While the centre and centre-left vote is sundered, the PCs will enjoy an electoral advantage, since voters will divide themselves between the Liberals and the NDP, preventing either from winning enough votes to unseat Ford. If the vote begins to coalesce around either the NDP or the Liberals, the PC government’s prospects will change, but that isn’t quite happening yet. And it may not if the opposition parties, particularly once the Liberals choose a new leader, fight amongst themselves as much as, or more than, they fight the premier. For now, Ford and his government remain in a comfortable—if not iron-clad—place. And Ford knows it.

Voters are angry, tired, and disaffected. They don’t see themselves in their province’s politics. For years, people have fought to get through the day and believe that Queen’s Park has left them behind. For many, Ford speaks to their struggles—and promises to meet their needs and interests. But there’s more to it than that. Cynicism, alienation, and the shortcomings of the opposition parties have also contributed to Ford’s electoral success. Continued political disappointment and the structural exclusion of people from political life depresses political action, drives down electoral turnout, and exacerbates poor governance.

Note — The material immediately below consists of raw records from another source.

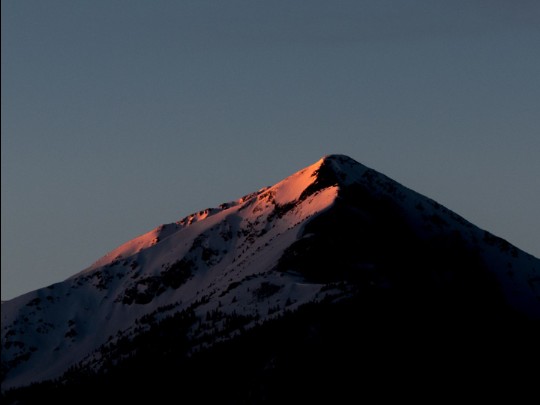 Hora Azul ilumina Pico de Nieve Dorada: Espectáculo Fugaz - estilo de vida news from xants.net
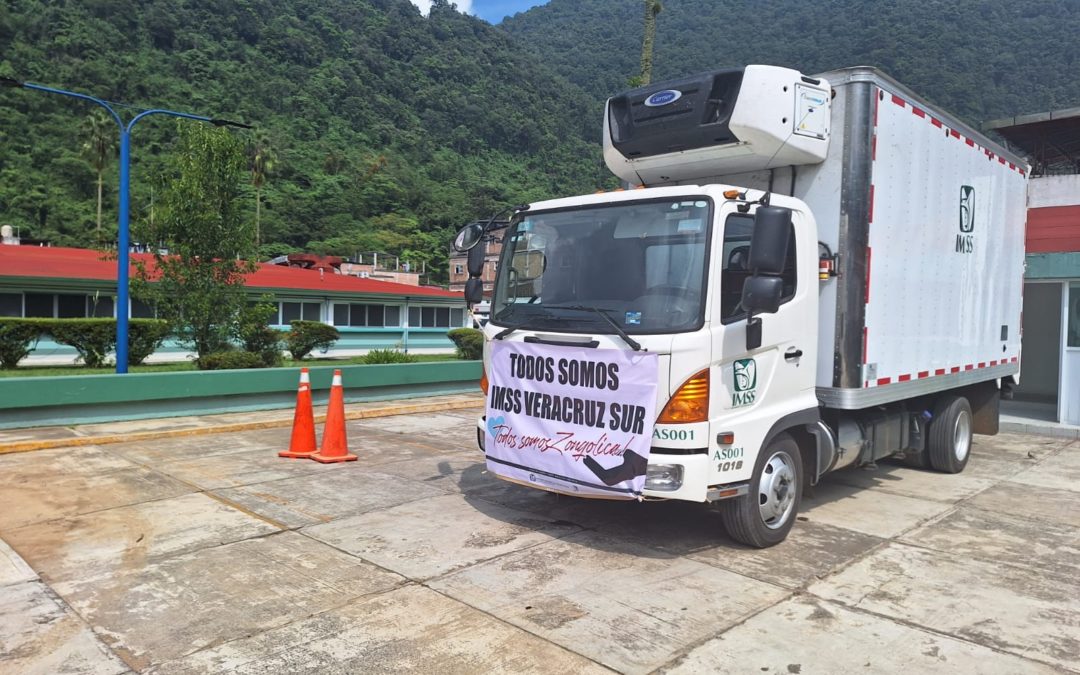 Entrega IMSS Veracruz Sur cuatro toneladas de ayuda a damnificados de inundación en Zongolica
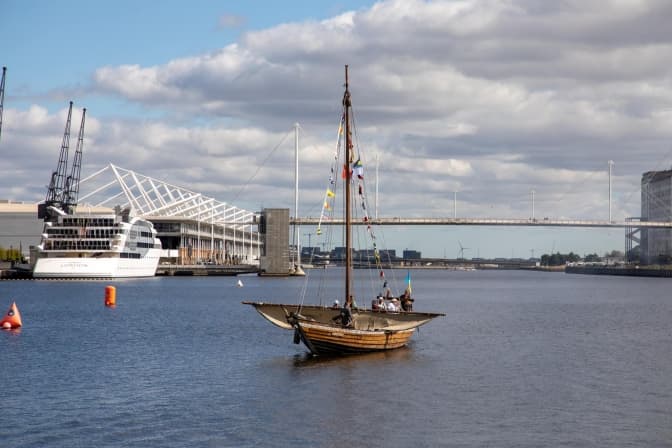 Легендарна козацька чайка «Пресвята Покрова», яку збудували у Львові, прибула до Лондона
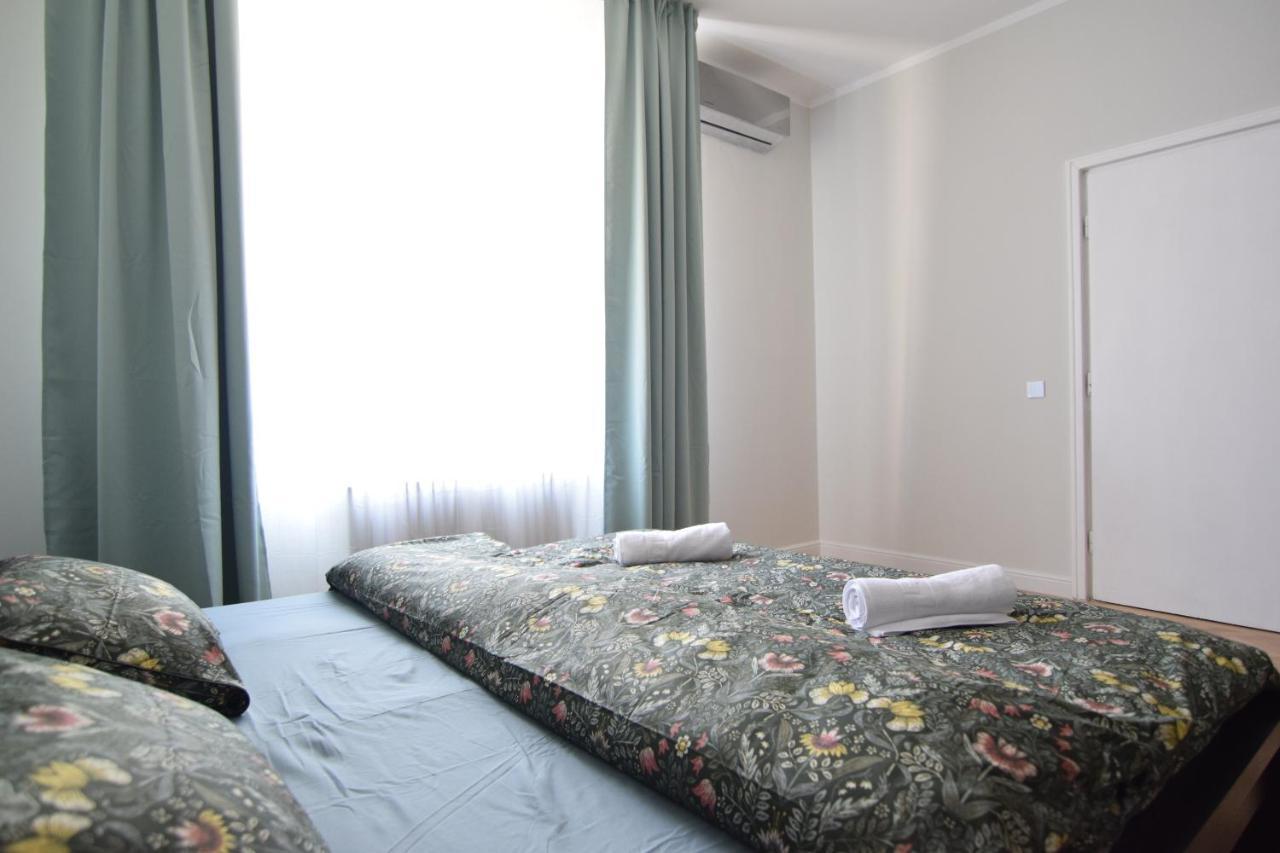 Beautiful Apartment In Old City Bucureşti Eksteriør bilde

While people tune out politics, no opposition party has yet rallied enough voters and convinced them that it is the alternative to Ford. Each thinks it ought to be them and not the other side. Of course they do—it’s their job. But the effect of doing that job and following immediate interests is that Ford obtains an electoral advantage. This is an old problem in multi-party single member plurality (first-past-the-post) electoral systems, one that Ford and his PCs are counting on.

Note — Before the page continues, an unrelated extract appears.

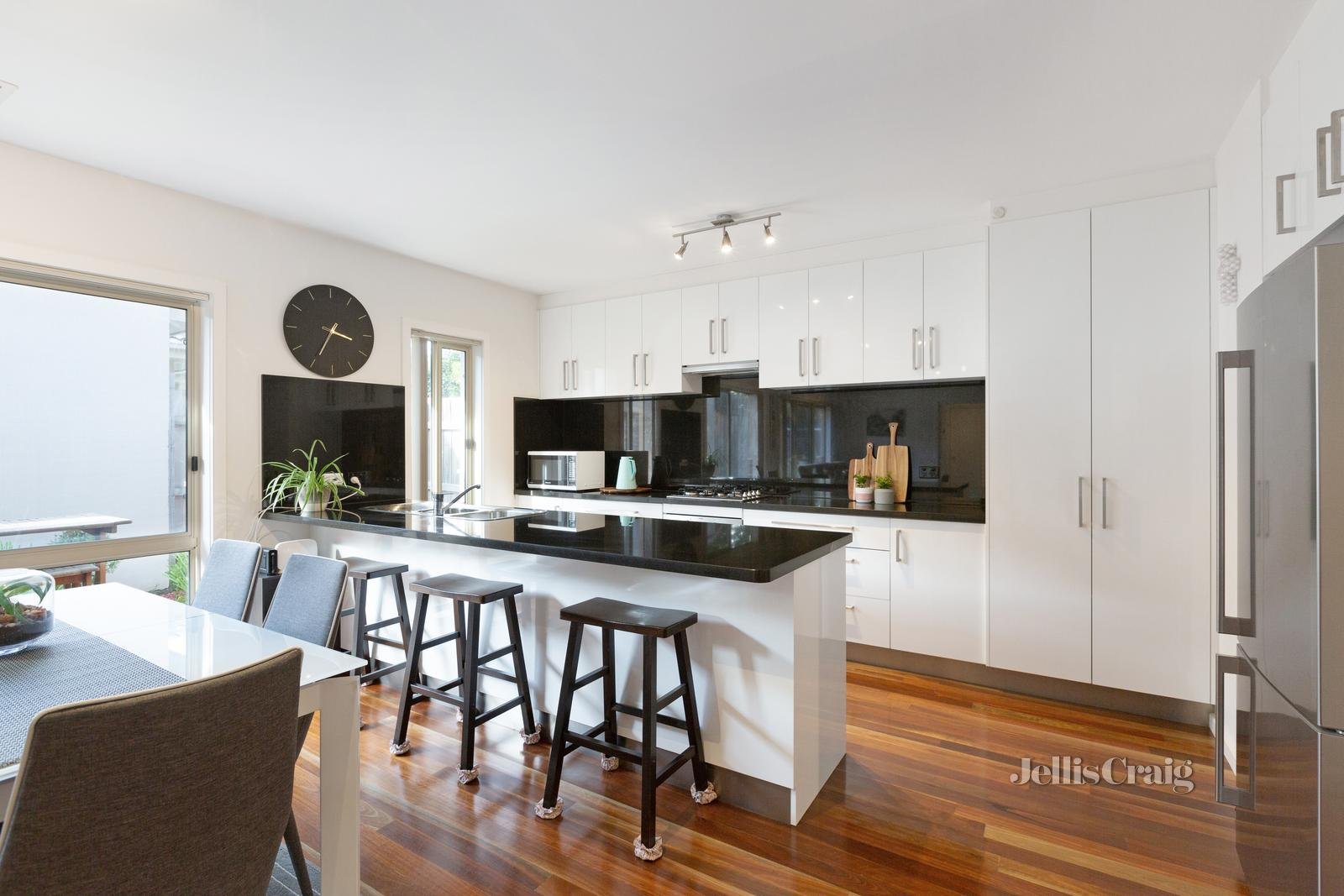 1/335 Canterbury Road, Forest Hill image 3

The forty-fourth Ontario election is scheduled for the summer of 2026. That’s over two and a half years away. The New Democrats elected a new leader, Marit Stiles, last February. She’s breathed new life into the party and used Ford’s Greenbelt failures to hammer the premier. The Liberals are set to elect their own new head in December, and they find themselves neck and neck with the NDP in the polls despite being leaderless. But Ford and his Tories still enjoy more than a ten-point projected lead on each of them.

The Greenbelt scandal has yet to reach its apogee, but Ford said he isn’t worried about the scandal. And he, while cynical, is right not to worry too much for the moment. But between now and the next chance to hold his government to account at the ballot box lies what amounts to decades in political time. Lots can happen in two and a half years—scandals add up, failures start sticking to you. Voters do eventually tend to get tired and fed up with governments. The PCs governed Ontario uninterrupted between 1943 and 1987 after initially replacing a Liberal grouping that had decayed over the years while in power and was later reduced, like its successors decades later, to third position in the legislature.

It’s hard—and indeed chilling—to imagine a PC government in Ontario lasting over four decades today. It’s worse to imagine this one lasting another month, let alone much longer. But Ford and his side remain political survivors with an enviable electoral advantage and just enough shame to appear to care. That is a dangerous, often successful, combination that Ontarians may have to live with for the foreseeable future.